* **Problem statement**
If a line below contains "White", count it. Report the final total and nothing more.

* **Records for this task**
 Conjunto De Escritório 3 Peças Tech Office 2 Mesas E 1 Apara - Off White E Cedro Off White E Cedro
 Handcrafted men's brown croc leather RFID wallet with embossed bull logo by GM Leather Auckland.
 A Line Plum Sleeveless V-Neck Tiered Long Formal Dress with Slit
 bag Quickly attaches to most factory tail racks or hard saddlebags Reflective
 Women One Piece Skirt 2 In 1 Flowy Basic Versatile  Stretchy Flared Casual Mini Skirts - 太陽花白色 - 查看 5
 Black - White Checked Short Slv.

---

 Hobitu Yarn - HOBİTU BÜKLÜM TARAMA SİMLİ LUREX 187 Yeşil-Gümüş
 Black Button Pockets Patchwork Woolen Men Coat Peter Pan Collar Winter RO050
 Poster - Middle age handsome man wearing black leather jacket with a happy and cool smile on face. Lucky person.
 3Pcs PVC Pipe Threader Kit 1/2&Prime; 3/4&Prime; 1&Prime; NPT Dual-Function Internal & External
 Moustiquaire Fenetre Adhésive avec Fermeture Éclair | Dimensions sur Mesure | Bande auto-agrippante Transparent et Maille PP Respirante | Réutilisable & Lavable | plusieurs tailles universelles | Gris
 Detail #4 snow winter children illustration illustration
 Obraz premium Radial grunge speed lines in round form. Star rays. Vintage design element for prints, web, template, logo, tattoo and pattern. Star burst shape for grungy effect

* **Exercise solution**
2